On Fri, 29 Jun 2012 23:46:17 +1000
Artem Bityutskiy <dedekind1@gmail.com> wrote:

> On Fri, 2012-06-29 at 16:05 +1000, Iwo Mergler wrote:
> > > > It is possible to avoid the failure by performing a large
> > > > number of filesystem operations (i.e. file system benchmark)
> > > > during the first session.
> > >
> > > Hmm, sounds strange.
> >
> > While trying to reproduce the problem, I have come across another
> > way to avoid it. If the boot scripts in the rootfs perform an
> > ubiformat, attach, mkvol & mount on an unrelated empty mtd
> > partition, the problem goes away.
> >
> > Is there any global state shared between separate UBI/UBIFS
> > partitions?
>
> No. Do you MTD partitions overlap? What is in /proc/mtd ?

root:~# cat /proc/mtd
dev:    size   erasesize  name
mtd0: 00300000 00020000 "S1S2EN"
mtd1: 00500000 00020000 "kernela"
mtd2: 02000000 00020000 "roota"
mtd3: 01000000 00020000 "ovla"
mtd4: 00500000 00020000 "kernelb"
mtd5: 02000000 00020000 "rootb"
mtd6: 01000000 00020000 "ovlb"
mtd7: 19300000 00020000 "NAND"

The partitions are passed from U-Boot on the command line.

>
> > > This means the driver is buggy: it does not support sub-pages but
> > > still reports that it does. Just fix it instead.
> >
> > I was under the impression that the subpage capability is extracted
> > from the ONFI information. So I take it there is a flag for the
> > driver to override that?
>
> I do not know your system, but if your flash chip supports subpages,
> but the ECC you use does not allow them, the driver should report that
> sub-pages are not supported..

It's similar to a BeagleBone, but with NAND FLASH, I'm using the
omap2 ECC driver.

So, if I set NAND_NO_SUBPAGE_WRITE in chip.options, UBI will
leave the subpages alone?

>
> > > Did you try to mount an empty volume and let UBIFS auto-format
> > > it, and then reproduce the issue?
> >
> > No, UBIFS created from an empty partition work OK. In fact, doing
> > that also stops the rootfs mount failure on the second boot.
>
> Sounds like this is not UBIFS fault but rather like a side-effect of
> something strange happening elsewhere.

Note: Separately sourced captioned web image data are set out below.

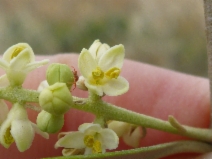 Olea europaea
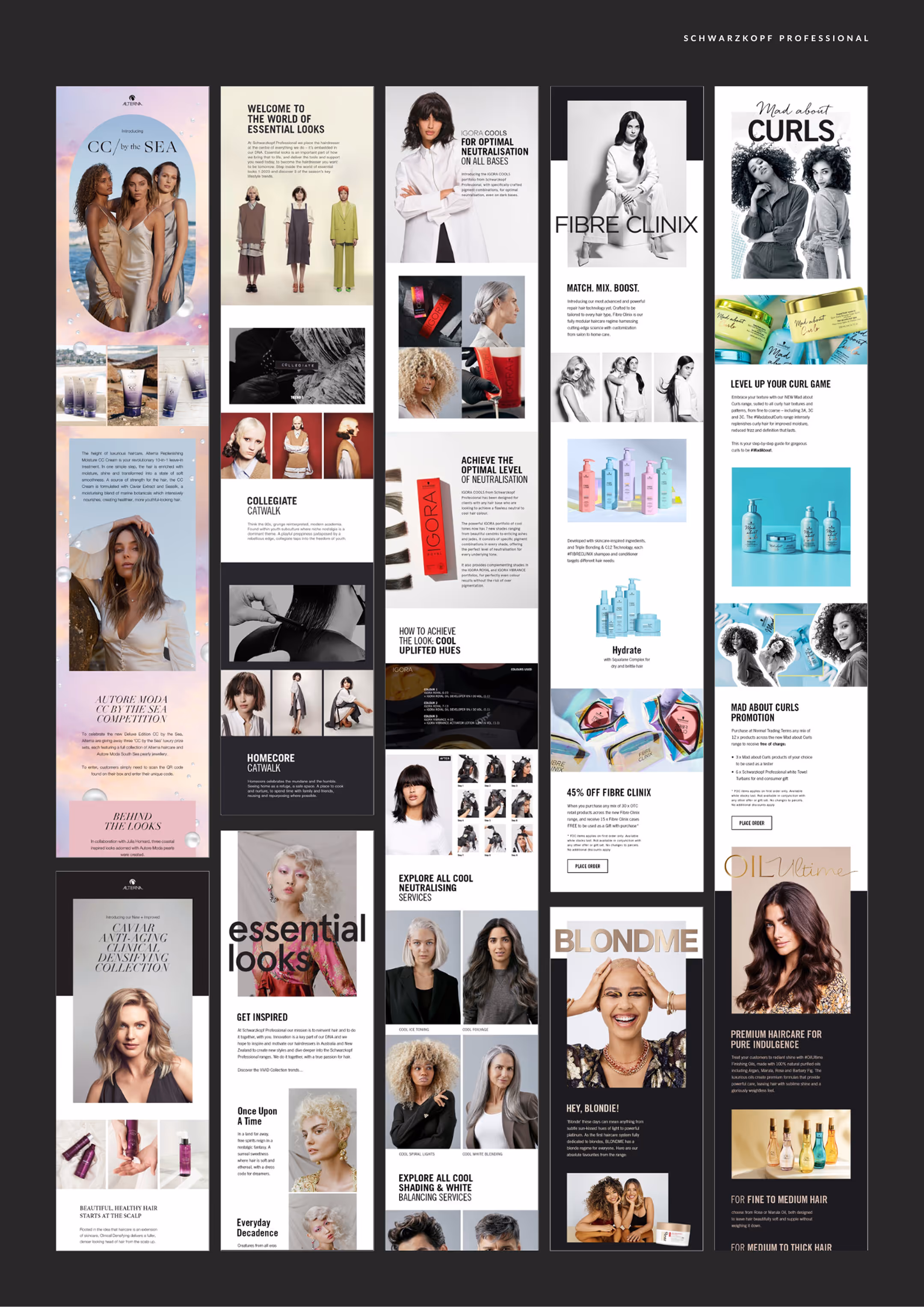 a screenshot of a website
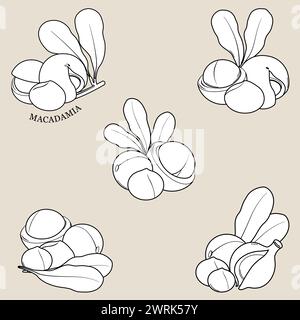 Macadamia nuts with leaves. Organic macadamia nuts collection. Outline set of nuts. Macadamia nut oil. Vector illustration Stock Vector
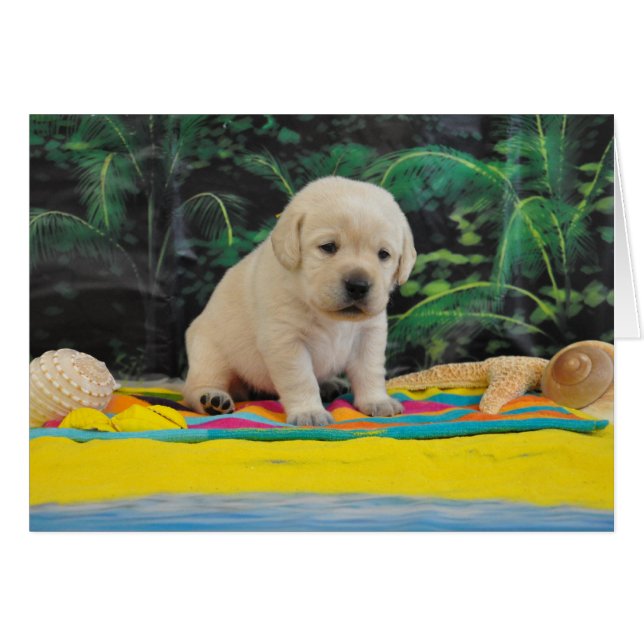 Woche 2 Leigh Ann (Vorderseite (Horizontal))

Probably it is related to how
> you flash it.

Well, I'm just copying the UBI image into the NAND partition in U-Boot,
while skipping pages containing all 0xFF. It would also skip bad blocks,
but this NAND hasn't got any.

>
> We had the following issue in the past.
>
> 1. You have some UBI on your flash. Then you want to flash an new
> image. 2. The flasher for some reason did not erase some PEBs of the
> partition. Probably because Linux view of the partition and flashers
> did not 100% match. Anyway, on or few PEBs were not erased in the end
> of the partition. Lets call them "ghost PEBs".
> 3. We flashed new image.
> 4. UBI attached the partition, the ghost PEBs were scanned and treated
> as valid PEBs and their data appeared in one of the volumes, because
> their generation numbers were higher than in PEBs from the new image
> (the generation number is in the UBI headers). The ghost data, instead
> of valid data, was read by UBIFS. And we had strange corruptions.
>
> We introduced so-called "image sequence number" to catch such issues.
> It is stored in the EC header. All EC headers on the MTD device have
> to have the same. Every time we generate an image - we pick random
> one. So if there are ghost PEBs, we notice this because they have a
> different image sequence number.
>
> See 'image_seq' in drivers/mtd/ubi/ubi-media.h.
>
> Can this problem affect you as well?

The image is re-created with ubinize on every build. It could affect
me, if I was re-flashing the same image a second time - the sequence
numbers would match then.

But the problem happens with a freshly generated image as well.

>
> If you use 'ubiformat' for flashing your images, it will generate a
> random image sequence number every time it flashes. So it won't use
> the one in the image.
>
> Do you use ubiformat for flashing? If not, try to re-generate your
> image
> - ubinize will put a different number there, and flash it and see what
> happens. You'd get an error like this:
>
> UBI error: process_eb: bad image sequence number 3726164569 in PEB 47,
> expected 642536469

This doesn't seem to happen. Also, the behaviour is no different
between erasing the whole flash and only erasing the rootfs
partition.

>
> Additional thoughts...
>
> I think what could be more interesting if you could enable debugging
> for real. The docs on the web-site are out of date and we switched to
> dynamic debugging, so you need to enable the debugging messages
> differently. I need to write a howto, and I do not know how to do this
> via kernel cmdline so far, need to find out. I know how to do this via
> debugfs. But check Documentation/dynamic-debug-howto.txt.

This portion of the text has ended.